Nova discussão e resolveu-se não aproveitar as vísceras e apenas o músculo. Assim se comeu carne assada sem problema de maior. Quando esta acabou voltou-se ao atum aos enlatados,  tudo coisas que já escasseavam mas o pessoal andava triste com a falta dos fins de tarde taurinos.
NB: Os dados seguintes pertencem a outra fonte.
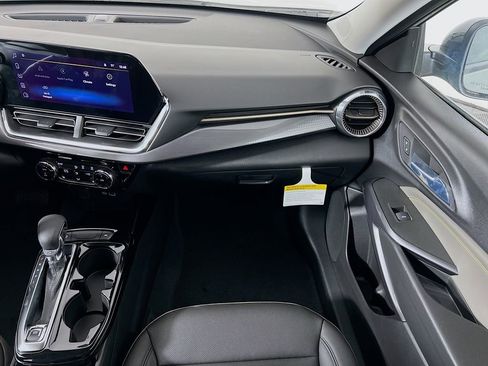 New 2026 Chevrolet Trax ACTIV FWD image 22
Então o Cabeceiras foi ter com o alferes Mata e disse-lhe:

- Meu alferes, a malta anda tão triste que se quiser e autorizar eu faço de vaca pois guardei os... cornos.

E assim de conseguiram mais uns fins de tarde…

Felizmente com a redistribuição das Forças no terreno, iniciada pelo brig Spínola, foi a Ponta do Inglês evacuada sem problemas em 7 e 8 de Outubro de 1968, pondo-se fim ao disparate da sua existência. 

Há uma enorme falta de informação (para mim) sobre a evacuação da Ponta do Inglês; nem na história do BART 1904, nem na da CART 1746, apenas é mencionada a data em que se efectuou. 

Tenho ideia que,  para além do pelotão da CART  1746,  da secção  de Morteiros e do pelotáo de milícia,  estiveram na Ponta do Inglês pessoal de outras unidades a montar segurança (mas quais?) enquanto o pessoal carregava a barcaça Bor de todo o material e bagagem da rapaziada. Estivemos nas imediações da Ponta Varela a assegurar a passagem da Bor a caminho de Bambadinca. Foi uma operação, para mim sem nome, que envolveu mais meios que não recordo.

Segundo informação de oficiais do BART 1904, o brig Spínola com o respectivo séquito aterrou na Ponta do Inglês, já ia adiantado o carregamento da Bor, mandando evacuar a segurança, depois de se ter armadilhado o que estava determinado... Só depois reparou que já não havia segurança nenhuma e que ele e os outros oficiais que o acompanhavam tinham ficado, como hei-de dizer, abandonados na margem do Corubal com o pessoal do ou dos helis a chamá-los quando se aperceberam da situação.

O pelotão da Cart 1746 chegou ao Xime sem problemas e todos tivemos uma enorme alegria por voltarmos a estar juntos. ....E na verdade o que vos doi... É que não queremos ser heróis (Fausto).

António Vaz (2012) (****)

(Revisão / fixação de texto, título: LG)

_________

Notas do editor LG:

(*) Vd poste de 4 de novembro de 2025 > Guiné 61/74 - P27384: A nossa guerra... a petromax (1): Quem é que ainda se lembra dos candeiros a petróleo ? Em 1964, em Guileje, Gadamael, Ganturé, Sangonhá, Cacoca, Cameconde... Em 1967/68, em Ponate, Banjara, Cantacunda, Sare Banda, Ponta do Inglês...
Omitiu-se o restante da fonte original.